Our human-robot interaction (HRI) capabilities all rely on the ability to reliably and quickly detect divers. This project uses the new video diver dataset, VDD-C, to train and analyze various state-of-the-art deep neural networks to determine how best to detect divers for our HRI needs.
The VDD-C dataset was created with the goal of capturing and analyzing video diver data. This is crucial for robotics applications, since robots robots receive visual information as temporally sequenced frames of video data, rather than isolated images free of tempoarl context. We are also interested in video data because it captures divers at a variety of locations and rotations. This is illustrated by comparing the locations of divers in VDD-C (left) to the locations of divers in our previous dataset, DDD (right):
We also compare the performance of models trained on VDD-C and those trained on our previous dataset, DDD. Results indicate that models trained on VDD-C do well on both the VDD-C and DDD test sets, while models trained on DDD do not do very well on the VDD-C test set. This indicates that the VDD-C dataset is more varied and includes more information than the DDD dataset.
We also train and test a variety of state-of-the-art models on VDD-C, including several versions of Single Shot Detector (SSD) and You Only Look Once (YOLO), which are two very popular choices for realtime inference on robotic platforms. We also train Faster R-CNN to get an idea of performance on two-stage models, and LSTM-SSD to see if we can gain any benefits from leveraging temporal information during training and inference. We evaluate these models using mean average precision (mAP) and Intersection Over Union (IOU).

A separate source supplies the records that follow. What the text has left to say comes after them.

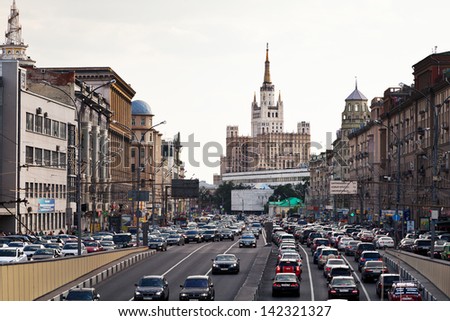 MOSCOW, RUSSIA - JUNE 6: Big Garden street in Moscow, Russia on June 6,2013. Circular avenue Garden Ring goes around central Moscow along old rampart surrounded ancient Zemlyanoy Gorod in 17th century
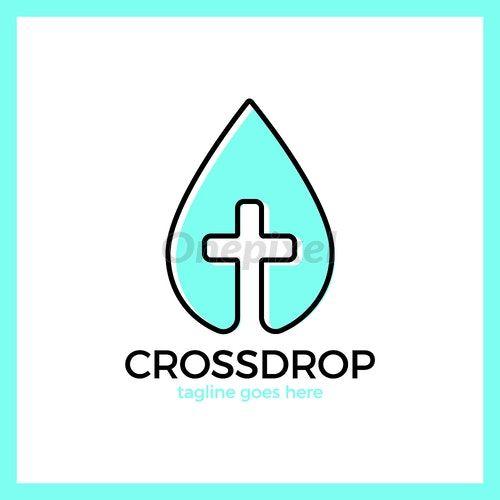 Blood Drop Logo - Cross Drop Logo - Christ Blood - 3864006 | Onepixel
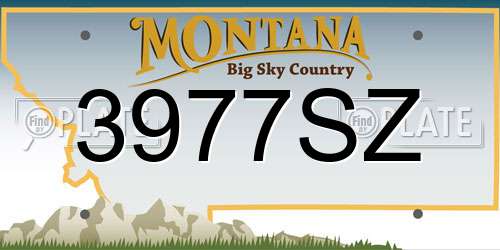 3977SZ Montana License Plate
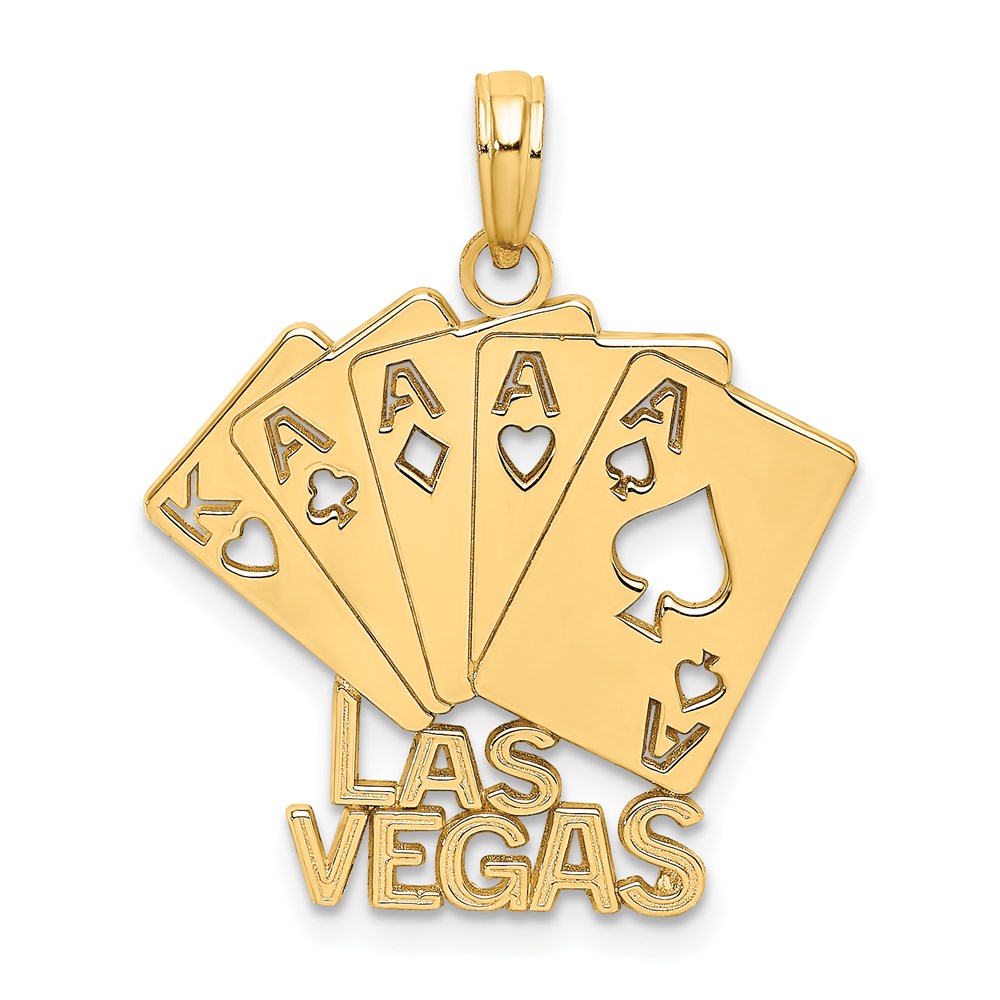 Million Charms 14K Yellow Gold Themed Las Vegas With Playing Cards Charm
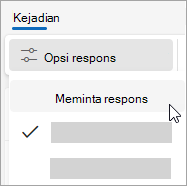 Cuplikan layar turun bawah Opsi respons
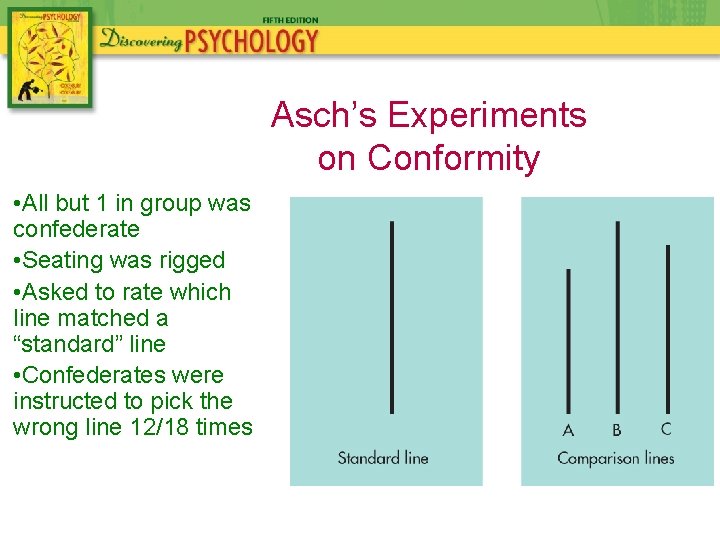 Asch’s Experiments on Conformity • All but 1 in group was confederate • Seating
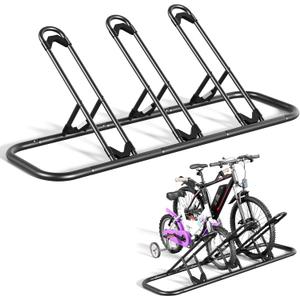 Mr IRONSTONE Bike Rack, Floor Storage Stand for Garage, Indoor/Outdoor Parking Holder, Fits Mountain, Road & Kids Cycles (Black, 3-Slot)
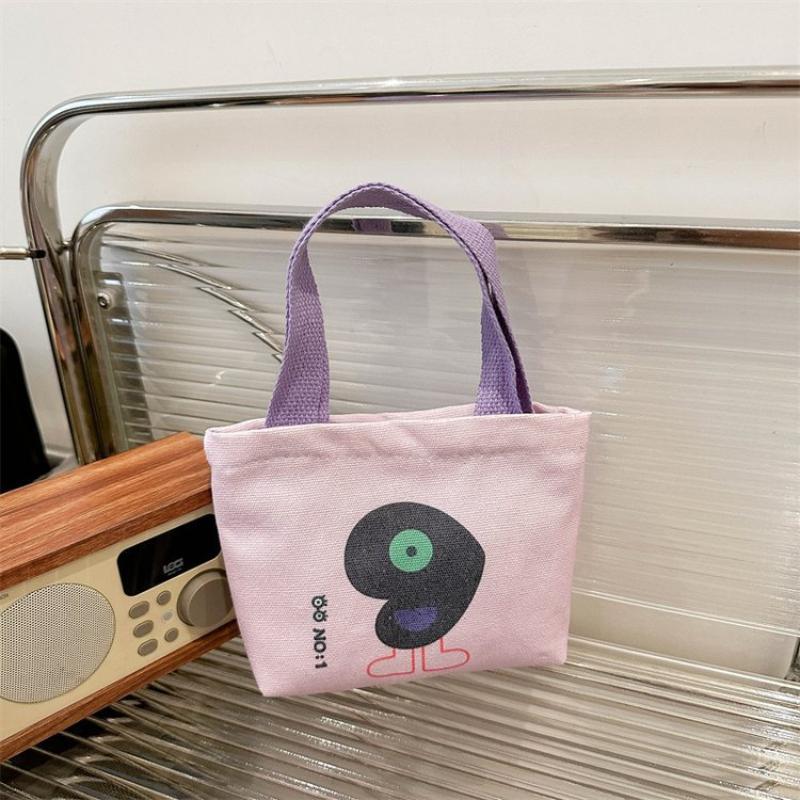 Canvas-Tasche Koreanischer Stil Kleine Taschen Damen-Handtasche Mini-Hand-Snack-Tasche Lunchtasche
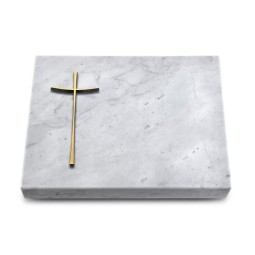 Grabtafel Omega Marmor Pure Kreuz 2 (Bronze)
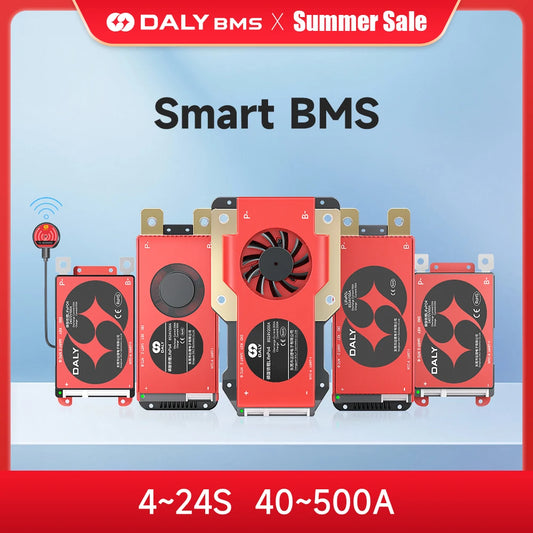Daly Smart BMS LiFePo4 4S 12V BMS 8S 24S 72V 48V 16S 100A 150A 200A 250A 300A 3.7V Li-Ion BMS 7S 13S 14S 3.2V BMS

We are also interested in how well these models perform on video data. Specifically, we measure their temporal stability with three stability metrics: (1) fragmentation error, which describes how consistently each diver is detected (divers who are inconsistently detected over time contribute to higher fragmentation errors); (2) translation error, which describes how consistently the detected bounding box is located with respect to the ground truth; and (3) scale and aspect ratio error, which describes how consistently the bounding box is sized with respect to the ground truth. Results indicate that while the SSD models had relatively high mAP, they do not perform as well as YOLO and LSTM-SSD with respect to stability:
Additionally, we are interested in error cases for these models, and in particular, when these models fail to detect divers. Two common cases that result in false negatives are diver occlusions (where one diver is in front of another and partially blocking the other diver from view) and divers who are only partially in the frame. We visualized how many false negatives in each of the models are accounted for by these two error cases:
Finally, we test the frames per second (FPS) inference speed of the realtime-capable models in order to determine their feasibility for onboard robotic applications:
Overall, we conclude that YOLOv4-tiny is an excellent choice for many of our HRI applications due to its high recall, fast inference speed, and low stability error. In cases where stability is less important and higher mAP is valued, and we can afford to spend a bit more time on inference, we may choose SSDv3-L.